Obviando las evidentes exageraciones y distorsiones de tales asertos —pues ni Darwin era ateo ni Bultmann incrédulo, precisamente—, aquellas declaraciones cuasi-lapidarias venían a incidir en aquel tipo de apologética al uso en ciertos medios religiosos de finales del siglo XX, que aún se cultiva en algunos círculos restringidos del XXI, a lo que parece, pero que hoy por hoy se nos antoja completamente trasnochada, amén de pésimamente informada.

Sin embargo, la idea de que Dios resulta molesto no es algo pasado de moda o perteneciente a otra época. El Dios que habla a través de las páginas de la Santa Biblia sigue molestando, sigue perturbando la tranquilidad del ser humano; el problema es que hoy por hoy constatamos de continuo que ese incordio divino se genera precisamente, no tanto en “los de fuera” o “los del mundo” (¿por qué será que no me gusta nada esta última expresión?), sino en un buen número de personas que se dicen creyentes y que, en tanto que miembros de diferentes congregaciones y denominaciones, se consideran fieles seguidores del Evangelio de Cristo. Y dicho sea con toda franqueza, una situación tal da mucha lástima.

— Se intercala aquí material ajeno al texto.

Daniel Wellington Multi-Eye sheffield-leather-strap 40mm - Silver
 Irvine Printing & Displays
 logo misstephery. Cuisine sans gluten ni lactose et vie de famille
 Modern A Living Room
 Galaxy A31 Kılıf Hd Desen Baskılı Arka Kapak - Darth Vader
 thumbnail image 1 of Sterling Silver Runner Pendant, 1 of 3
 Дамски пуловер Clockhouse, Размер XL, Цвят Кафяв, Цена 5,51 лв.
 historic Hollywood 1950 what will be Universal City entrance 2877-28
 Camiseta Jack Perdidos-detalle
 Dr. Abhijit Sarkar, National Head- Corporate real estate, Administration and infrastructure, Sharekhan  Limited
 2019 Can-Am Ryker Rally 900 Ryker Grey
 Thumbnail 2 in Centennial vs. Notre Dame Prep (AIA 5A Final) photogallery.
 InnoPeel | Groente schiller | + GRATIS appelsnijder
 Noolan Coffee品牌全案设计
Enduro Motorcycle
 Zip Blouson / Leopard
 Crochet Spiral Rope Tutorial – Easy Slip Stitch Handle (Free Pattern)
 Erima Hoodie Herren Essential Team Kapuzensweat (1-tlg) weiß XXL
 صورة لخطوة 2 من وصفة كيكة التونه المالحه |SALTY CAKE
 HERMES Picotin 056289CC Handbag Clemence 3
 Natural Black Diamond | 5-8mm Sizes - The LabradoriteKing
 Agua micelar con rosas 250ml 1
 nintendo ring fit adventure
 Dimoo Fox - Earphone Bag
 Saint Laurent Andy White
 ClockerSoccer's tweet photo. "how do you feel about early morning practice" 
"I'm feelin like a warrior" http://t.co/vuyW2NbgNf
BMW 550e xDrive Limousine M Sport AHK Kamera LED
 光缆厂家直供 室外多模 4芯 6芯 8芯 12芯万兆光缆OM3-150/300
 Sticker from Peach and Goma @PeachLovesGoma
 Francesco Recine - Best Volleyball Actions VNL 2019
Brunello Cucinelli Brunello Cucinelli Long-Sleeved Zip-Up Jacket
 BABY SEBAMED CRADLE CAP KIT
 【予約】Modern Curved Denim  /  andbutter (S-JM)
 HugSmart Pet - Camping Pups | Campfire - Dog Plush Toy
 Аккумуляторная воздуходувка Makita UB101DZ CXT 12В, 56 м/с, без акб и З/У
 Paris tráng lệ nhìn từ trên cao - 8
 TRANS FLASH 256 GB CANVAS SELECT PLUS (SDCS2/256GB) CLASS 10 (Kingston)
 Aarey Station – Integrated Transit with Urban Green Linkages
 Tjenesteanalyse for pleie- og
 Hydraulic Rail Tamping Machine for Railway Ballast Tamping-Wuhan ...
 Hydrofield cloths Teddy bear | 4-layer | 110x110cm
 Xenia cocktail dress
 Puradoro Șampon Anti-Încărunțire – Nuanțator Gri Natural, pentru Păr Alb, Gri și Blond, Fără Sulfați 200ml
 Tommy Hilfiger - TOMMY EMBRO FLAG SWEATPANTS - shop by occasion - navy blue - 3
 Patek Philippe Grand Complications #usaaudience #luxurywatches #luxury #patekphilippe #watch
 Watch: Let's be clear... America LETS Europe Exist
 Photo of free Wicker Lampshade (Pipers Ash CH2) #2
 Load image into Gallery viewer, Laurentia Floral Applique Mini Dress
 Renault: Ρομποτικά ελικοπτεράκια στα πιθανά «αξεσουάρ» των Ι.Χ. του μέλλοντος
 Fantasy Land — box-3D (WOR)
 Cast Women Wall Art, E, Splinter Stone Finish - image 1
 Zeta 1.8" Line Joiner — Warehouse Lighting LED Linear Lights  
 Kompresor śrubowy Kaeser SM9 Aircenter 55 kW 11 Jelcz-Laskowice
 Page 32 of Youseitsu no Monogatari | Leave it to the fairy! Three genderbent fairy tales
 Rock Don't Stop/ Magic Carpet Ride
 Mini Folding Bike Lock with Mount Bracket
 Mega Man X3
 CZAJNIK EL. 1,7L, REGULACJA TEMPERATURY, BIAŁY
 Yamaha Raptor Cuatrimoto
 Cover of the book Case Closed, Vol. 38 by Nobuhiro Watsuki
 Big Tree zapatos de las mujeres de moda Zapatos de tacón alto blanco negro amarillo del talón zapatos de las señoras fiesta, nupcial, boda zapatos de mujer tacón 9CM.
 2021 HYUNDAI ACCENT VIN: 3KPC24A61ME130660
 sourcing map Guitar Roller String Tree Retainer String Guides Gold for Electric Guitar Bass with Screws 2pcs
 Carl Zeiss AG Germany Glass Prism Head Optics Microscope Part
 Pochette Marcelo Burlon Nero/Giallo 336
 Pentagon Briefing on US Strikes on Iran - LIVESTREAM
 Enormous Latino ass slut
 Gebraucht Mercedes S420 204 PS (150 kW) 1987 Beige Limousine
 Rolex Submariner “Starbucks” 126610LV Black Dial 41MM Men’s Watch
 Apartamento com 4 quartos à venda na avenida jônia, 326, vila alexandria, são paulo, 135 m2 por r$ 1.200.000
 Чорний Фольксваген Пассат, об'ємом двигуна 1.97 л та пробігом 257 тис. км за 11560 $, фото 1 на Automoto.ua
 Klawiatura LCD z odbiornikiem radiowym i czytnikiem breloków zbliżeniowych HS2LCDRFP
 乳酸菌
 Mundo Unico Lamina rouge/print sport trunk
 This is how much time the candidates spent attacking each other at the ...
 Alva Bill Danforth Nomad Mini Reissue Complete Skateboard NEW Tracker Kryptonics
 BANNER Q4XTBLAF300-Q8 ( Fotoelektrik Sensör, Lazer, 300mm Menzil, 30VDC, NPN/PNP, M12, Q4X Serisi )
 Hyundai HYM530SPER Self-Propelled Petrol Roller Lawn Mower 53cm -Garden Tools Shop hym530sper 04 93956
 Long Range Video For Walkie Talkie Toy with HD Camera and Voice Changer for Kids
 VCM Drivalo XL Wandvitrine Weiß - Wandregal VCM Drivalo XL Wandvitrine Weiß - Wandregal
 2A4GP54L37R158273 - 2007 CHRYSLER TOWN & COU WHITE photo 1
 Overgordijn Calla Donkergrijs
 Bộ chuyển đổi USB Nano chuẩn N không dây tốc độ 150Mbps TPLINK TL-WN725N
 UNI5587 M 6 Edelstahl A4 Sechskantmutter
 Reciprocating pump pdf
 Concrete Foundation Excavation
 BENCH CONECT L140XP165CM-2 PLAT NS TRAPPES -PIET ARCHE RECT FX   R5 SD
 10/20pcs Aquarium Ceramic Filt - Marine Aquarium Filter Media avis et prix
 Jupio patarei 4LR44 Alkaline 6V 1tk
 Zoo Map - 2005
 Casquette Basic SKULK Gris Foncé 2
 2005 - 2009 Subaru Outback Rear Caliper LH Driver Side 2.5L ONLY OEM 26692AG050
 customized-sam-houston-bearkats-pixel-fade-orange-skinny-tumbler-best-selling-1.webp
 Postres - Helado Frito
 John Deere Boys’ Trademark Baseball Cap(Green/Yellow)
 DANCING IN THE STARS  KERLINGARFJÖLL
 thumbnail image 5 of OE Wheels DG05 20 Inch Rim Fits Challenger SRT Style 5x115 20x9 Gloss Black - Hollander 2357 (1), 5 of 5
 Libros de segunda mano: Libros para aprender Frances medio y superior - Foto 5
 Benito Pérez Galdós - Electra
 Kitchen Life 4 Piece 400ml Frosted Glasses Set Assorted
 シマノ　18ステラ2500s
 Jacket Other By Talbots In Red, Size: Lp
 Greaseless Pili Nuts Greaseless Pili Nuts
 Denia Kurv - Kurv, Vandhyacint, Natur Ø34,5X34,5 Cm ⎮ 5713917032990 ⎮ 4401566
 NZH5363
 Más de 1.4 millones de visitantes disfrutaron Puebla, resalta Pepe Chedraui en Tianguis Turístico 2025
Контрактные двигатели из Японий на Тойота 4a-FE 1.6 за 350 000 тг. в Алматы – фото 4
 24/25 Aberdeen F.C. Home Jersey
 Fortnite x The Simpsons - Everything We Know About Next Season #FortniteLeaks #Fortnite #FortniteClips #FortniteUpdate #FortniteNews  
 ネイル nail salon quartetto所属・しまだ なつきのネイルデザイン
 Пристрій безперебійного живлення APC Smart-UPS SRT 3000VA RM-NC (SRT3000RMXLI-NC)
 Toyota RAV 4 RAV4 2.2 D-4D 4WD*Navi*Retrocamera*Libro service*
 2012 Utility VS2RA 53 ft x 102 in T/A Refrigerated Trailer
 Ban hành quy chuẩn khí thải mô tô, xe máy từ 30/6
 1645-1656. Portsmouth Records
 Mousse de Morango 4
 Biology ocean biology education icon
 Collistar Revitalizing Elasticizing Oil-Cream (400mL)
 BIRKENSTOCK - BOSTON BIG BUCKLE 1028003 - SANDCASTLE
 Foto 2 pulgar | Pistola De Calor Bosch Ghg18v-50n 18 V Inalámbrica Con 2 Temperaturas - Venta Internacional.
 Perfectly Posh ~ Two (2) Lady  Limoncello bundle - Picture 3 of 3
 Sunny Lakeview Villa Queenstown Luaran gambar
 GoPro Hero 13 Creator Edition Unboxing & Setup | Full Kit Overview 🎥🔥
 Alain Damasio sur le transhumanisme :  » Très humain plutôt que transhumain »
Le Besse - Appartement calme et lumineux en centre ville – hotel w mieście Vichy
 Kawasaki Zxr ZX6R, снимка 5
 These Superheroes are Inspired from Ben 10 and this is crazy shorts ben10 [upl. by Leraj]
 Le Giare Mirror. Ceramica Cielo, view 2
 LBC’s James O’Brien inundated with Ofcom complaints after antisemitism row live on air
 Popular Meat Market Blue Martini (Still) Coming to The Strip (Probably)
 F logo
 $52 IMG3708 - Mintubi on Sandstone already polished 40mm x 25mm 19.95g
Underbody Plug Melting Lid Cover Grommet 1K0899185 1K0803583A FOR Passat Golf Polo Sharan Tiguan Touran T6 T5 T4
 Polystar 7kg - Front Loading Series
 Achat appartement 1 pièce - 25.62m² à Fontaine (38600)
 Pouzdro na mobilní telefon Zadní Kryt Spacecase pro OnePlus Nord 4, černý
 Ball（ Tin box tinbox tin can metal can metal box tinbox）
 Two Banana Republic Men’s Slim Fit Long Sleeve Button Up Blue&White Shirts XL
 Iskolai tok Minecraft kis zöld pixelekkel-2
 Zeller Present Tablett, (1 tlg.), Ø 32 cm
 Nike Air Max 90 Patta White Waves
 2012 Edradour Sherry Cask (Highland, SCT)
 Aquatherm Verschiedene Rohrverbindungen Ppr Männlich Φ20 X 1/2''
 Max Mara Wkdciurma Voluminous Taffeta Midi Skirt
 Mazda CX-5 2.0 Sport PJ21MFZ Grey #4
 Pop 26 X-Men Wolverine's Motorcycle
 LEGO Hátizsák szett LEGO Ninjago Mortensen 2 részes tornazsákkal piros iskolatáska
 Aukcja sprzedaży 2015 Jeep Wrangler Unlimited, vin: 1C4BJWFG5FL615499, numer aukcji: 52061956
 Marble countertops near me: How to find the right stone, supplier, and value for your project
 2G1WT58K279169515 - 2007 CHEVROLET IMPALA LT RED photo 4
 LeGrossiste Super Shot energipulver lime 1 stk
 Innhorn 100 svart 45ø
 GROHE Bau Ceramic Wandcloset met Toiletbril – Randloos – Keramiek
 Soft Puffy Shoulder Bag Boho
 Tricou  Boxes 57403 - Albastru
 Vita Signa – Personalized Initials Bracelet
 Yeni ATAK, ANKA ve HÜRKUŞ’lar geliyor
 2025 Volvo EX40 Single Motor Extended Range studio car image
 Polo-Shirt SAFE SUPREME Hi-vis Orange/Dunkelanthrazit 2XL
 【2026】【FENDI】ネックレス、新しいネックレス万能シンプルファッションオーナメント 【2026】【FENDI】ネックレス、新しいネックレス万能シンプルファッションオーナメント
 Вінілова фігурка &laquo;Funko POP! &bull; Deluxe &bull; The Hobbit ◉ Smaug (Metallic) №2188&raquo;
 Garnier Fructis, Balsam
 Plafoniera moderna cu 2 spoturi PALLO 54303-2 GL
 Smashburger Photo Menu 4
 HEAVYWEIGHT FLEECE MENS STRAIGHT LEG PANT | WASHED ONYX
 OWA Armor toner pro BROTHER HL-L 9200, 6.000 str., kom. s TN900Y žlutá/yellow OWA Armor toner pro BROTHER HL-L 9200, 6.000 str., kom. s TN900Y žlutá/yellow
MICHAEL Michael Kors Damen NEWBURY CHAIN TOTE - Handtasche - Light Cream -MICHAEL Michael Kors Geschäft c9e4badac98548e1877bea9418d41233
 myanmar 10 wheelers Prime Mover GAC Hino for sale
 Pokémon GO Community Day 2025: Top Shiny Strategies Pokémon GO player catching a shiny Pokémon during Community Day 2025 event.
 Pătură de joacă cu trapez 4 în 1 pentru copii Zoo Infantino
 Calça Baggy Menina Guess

Venimos constatando desde hace ya bastantes años, tantos como tres décadas grosso modo, que hay dos puntos esenciales de la enseñanza bíblica en los que muchos cristianos “hacen agua”, y no sólo a niveles teóricos o intelectuales, sino en su propia praxis vital y eclesiástica. No únicamente miembros de iglesia laicos, sino también pastores y predicadores profesionales.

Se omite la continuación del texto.